Pengunjung Lapak

Selasa, 05 Juni 2012

Berkah Korban Merapi (Oleh-oleh dari Jogja)


Bekasi, 5 April 2012


Bekasi, pedulisomalia.co.cc - Siang terik di kaki merapi tidak menyurutkan langkah para staf Aksi Cepat Tanggap (ACT) beserta tim Mahasiswa Peduli Somalia (MPS) untuk melakukan perjalanan menuju sisa puing yang diakibatkan letusan Merapi tahun 2010 lalu. Erupsi Merapi yang terjadi hampir dua tahun silam itu menyisakan duka yang mendalam bagi para korbannya. Tak terkecuali kecamatan Cangkringan yang terletak di kaki Merapi. Tak  pelak, kecamatan Cangkringan begitu sepi dari keramaian penduduk. Rumah-rumah yang dahulu berdiri kokoh, sekarang tampak oleng. Bahkan tidak sedikit yang rata dengan tanah.
Rangkaian aktivitas seismik di Merapi berujung pada letusan yang terjadi dua kali, yaitu pada tanggal 26 Oktober dan 4 November 2010. Letusan ini mengeluarkan limpahan materi vulkanik sehingga tak pelak menghantam daerah sekitar Merapi. Dampak kejadian dua tahun lalu masih tampak terasa ketika memasuki kawasan tersebut. Tidak terlihat lagi tanah yang tergolek rapi, yang ada hanyalah bebatuan. Rumah-rumah penduduk tenggelam oleh tumpukan pasir yang menggunung di sekitarnya. Ada beberapa rumah yang hanya terlihat bagian atapnya saja. Sehingga dengan mudah kami menaiki atapnya sembari melihat-lihat.
Masih di Kecamatan Cangkringan, di wilayah lain, beberapa rumah penduduk telah diperbaiki, meski tumpukan debu yang berasal dari wedus gembel (awan panas) masih banyak tersebar di beberapa wilayah. Para penduduk rupanya telah melakukan aktivitas seperti biasanya. Mencari nafkah di seputaran desa. Pada awalnya, mata pencaharian para  penduduk bergantung pada komoditas alam. Tinggal di sebuah desa yang sebagian wilayahnya merupakan hutan, menjadikan penduduk desa sangat bergantung dengan ketersediaan alam tersebut. Tidak sedikit dari mereka yang berprofesi sebagai petani dan peternak.
Di sepanjang jalan, mata kami selalu tertuju pada beberapa wanita paruh baya yang tengah memanggul tumpukan kayu dan rumput. Selama kami berada di sana, para pencari kayu bakar dan rumput yang terlihat mayoritas adalah wanita. Bukan hal yang tidak lazim ketika melihat beberapa wanita paruh baya pulang menuju rumah sembari menggendong sekitar 20 kg kayu. Mereka berjalan sekitar 5-20 km menuju tempat tinggal. Lalu di mana para pria? Kebanyakan lelaki di desa tersebut bekerja di sawah atau menjadi buruh pasir.
Buruh pasir adalah profesi yang banyak digeluti oleh para penduduk dewasa ini. Merapi tidak hanya merenggut nyawa para penduduk, namun juga mengakibatkan gejala ekonomi yang tidak sehat dengan semakin bertambahnya jumlah penggangguran di sektor regional. Apalagi awan panas dan lahar dingin telah menghancurkan tempat tinggal, bahan baku produksi, dan alat produksi yang mereka miliki. Hal itu membuat mereka mencari komoditas lain, yaitu pengerukan pasir.
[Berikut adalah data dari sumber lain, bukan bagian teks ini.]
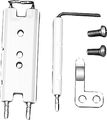Bosch / Junkers Elektrodensatz Bild 1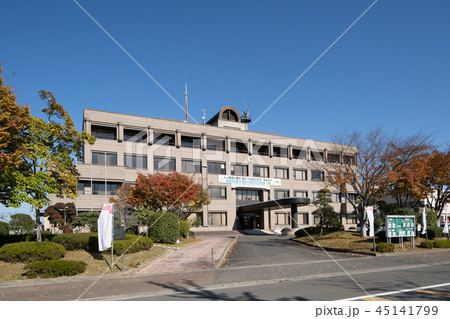 丸森町役場 丸森町役場 45141799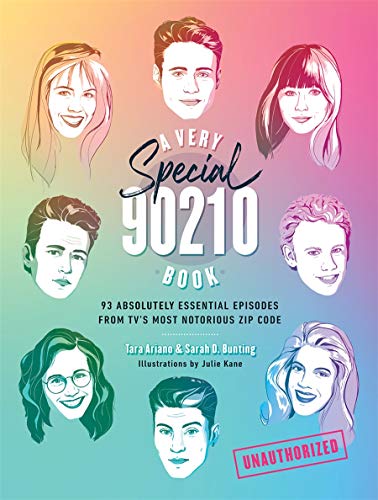 A Very Special 90210 Book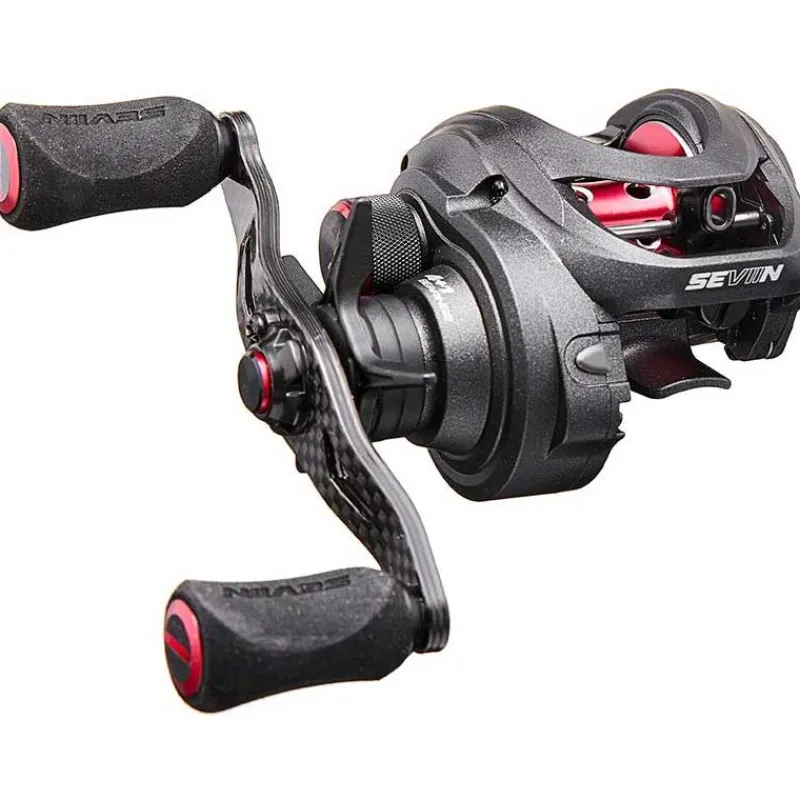 Seviin Moulinet Casting Reels * Moulinets Carnassier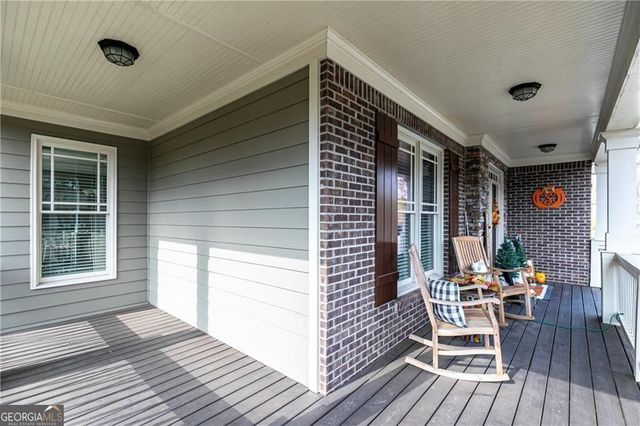 4855 Rockford Ridge Drive, Marietta, GA 30066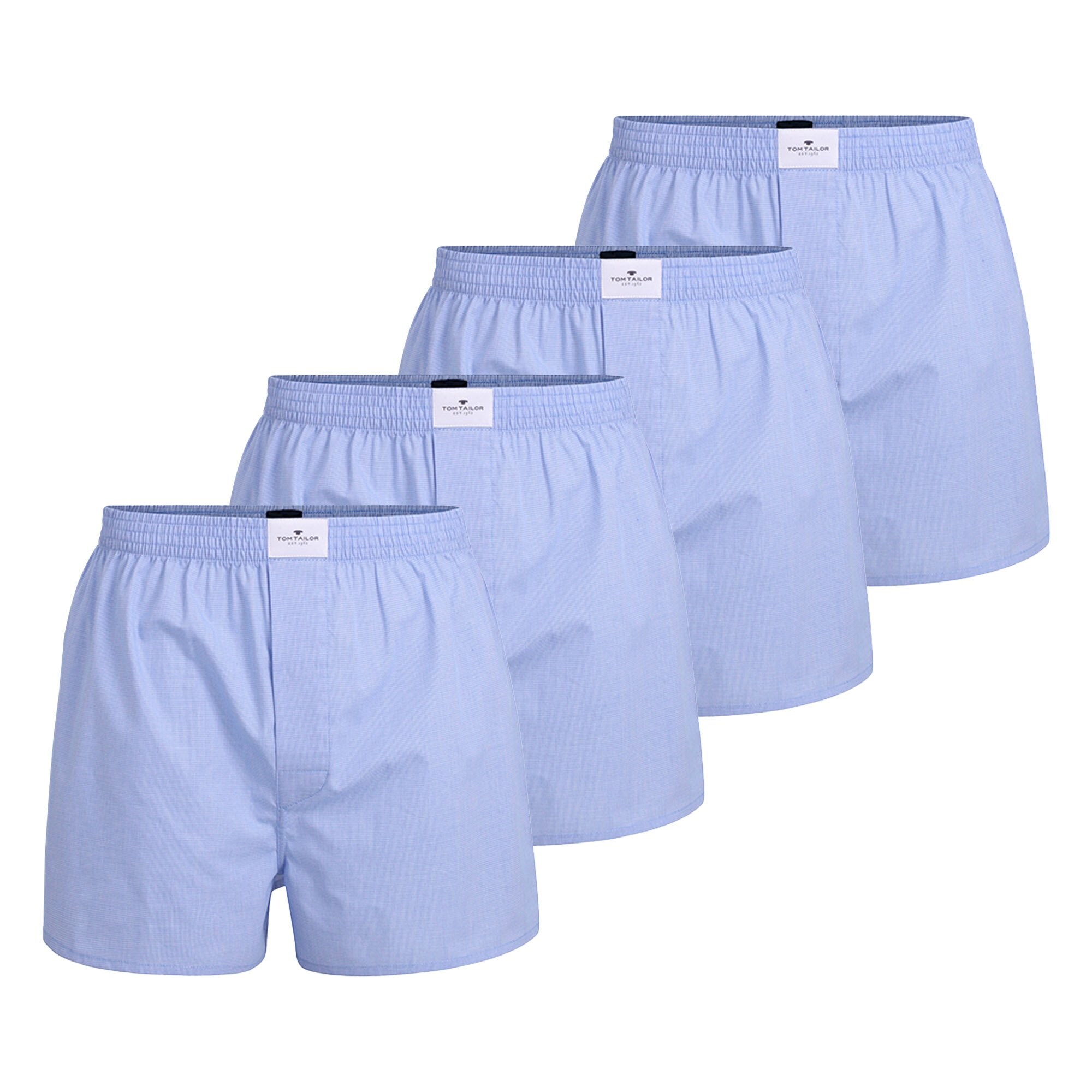 Thumbnail - TOM TAILOR Boxershorts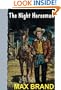 The Night of the Horseman
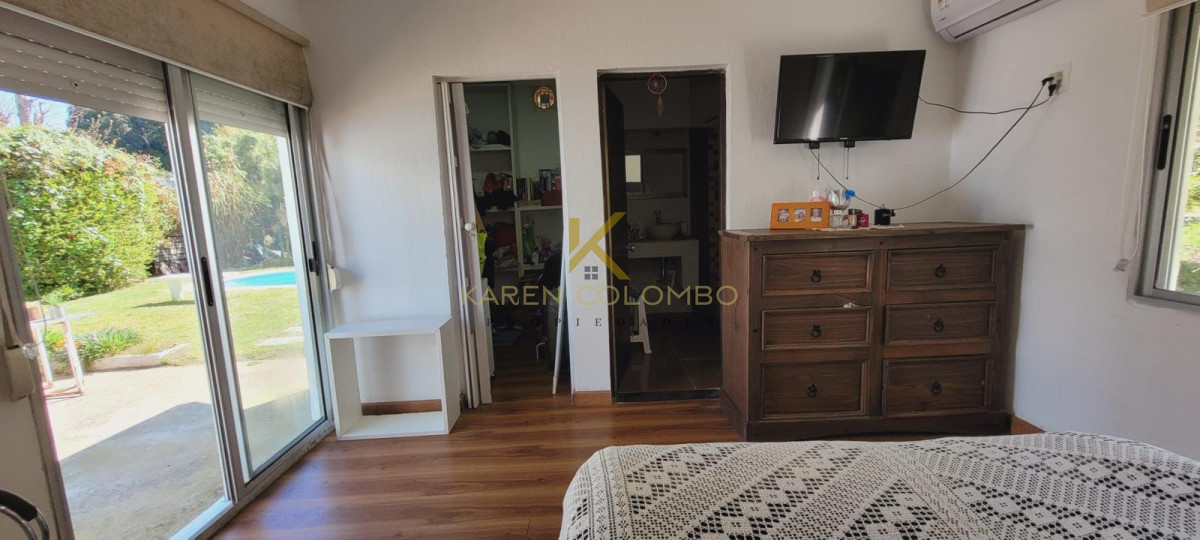Casa ID.21095335 - Venta casa 3 dormitorios zona muy tranquila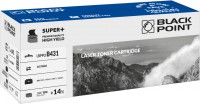 Photos - Ink & Toner Cartridge Black Point LBPPOB431 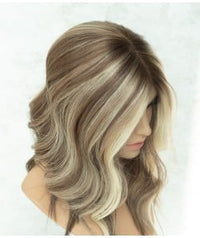 624R Dusty Ash Brown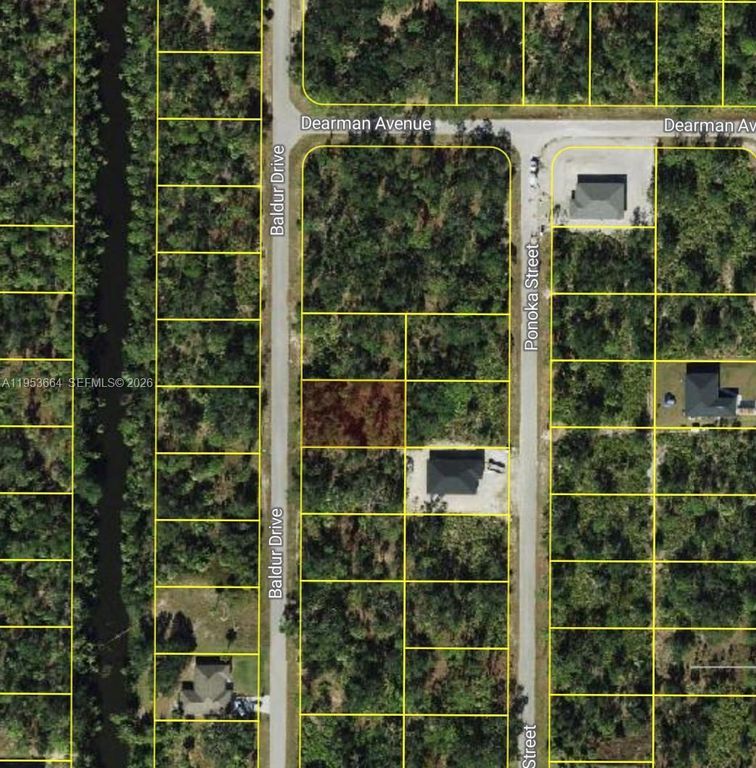 66 BALDUR DR, Port Charlotte, FL 33954
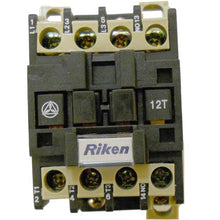 Load image into Gallery viewer, CONTACTOR 440V RAB12T10 FOR FEED MTR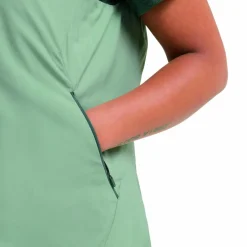 Online TRAIL LIGHT INS 2IN1 VEST W Damen - Softshellweste Damen Outdoorjacken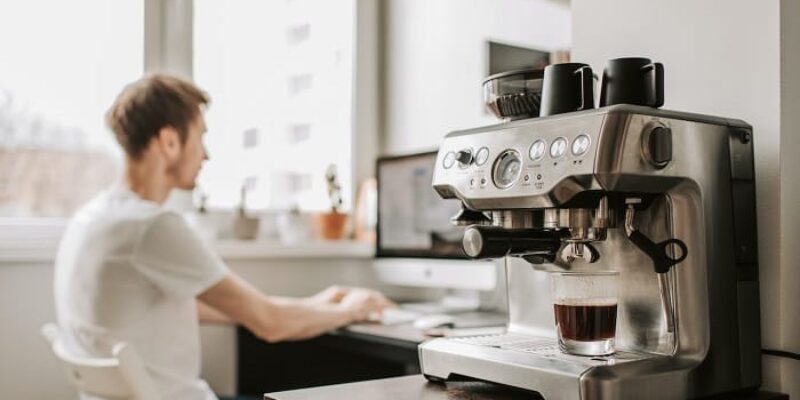 How to Choose the Best Coffee Machine for Your Home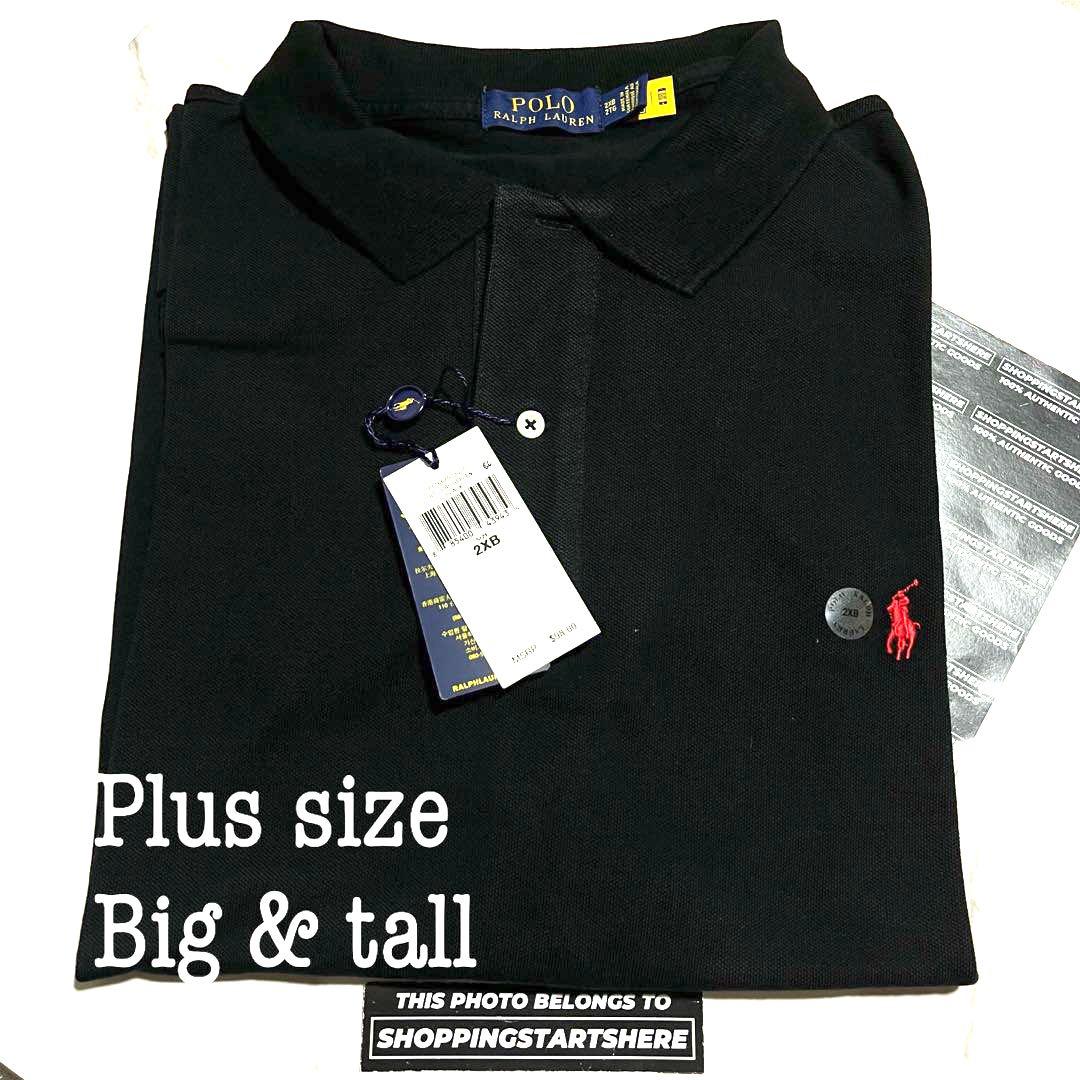 Authentic Polo Ralph Lauren Polo Shirt polo Ralph Lauren polo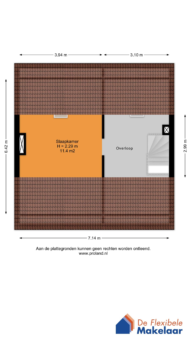 Goudtsjeblom-strjitte 11 Kootstertille - Afbeelding 50.jpg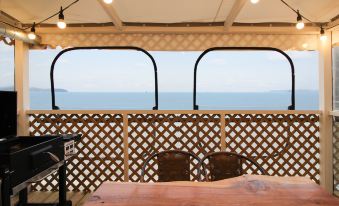 Taean Stay the Delight Pension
Potensi ekonomi ini tidak hanya dimanfaatkan oleh penduduk, namun juga pemerintah daerah. Setiap hari puluhan truk pasir mengambil pasir dan bebatuan yang akan dijual kepada penadah untuk bahan bangunan. Setiap satu truk pasir, para pendulang wajib menyerahkan uang pajak sebesar 180 ribu rupiah kepada pemerintah daerah. Apakah ini termasuk eksploitasi alam? Beberapa penduduk menampikkan pendapat tersebut. Bahkan ketika potensi alam berupa pasir dan batu alam ini belum sempat habis, kemungkinan besar Merapi akan kembali mengeluarkan lava pijar yang merupakan cikal bakal dari pasir dan bebatuan. Meski keberkahan tersebut tidak bisa tergantikan oleh renggutan nyawa manusia dan harta benda yang meluruh bersama lelehan lava.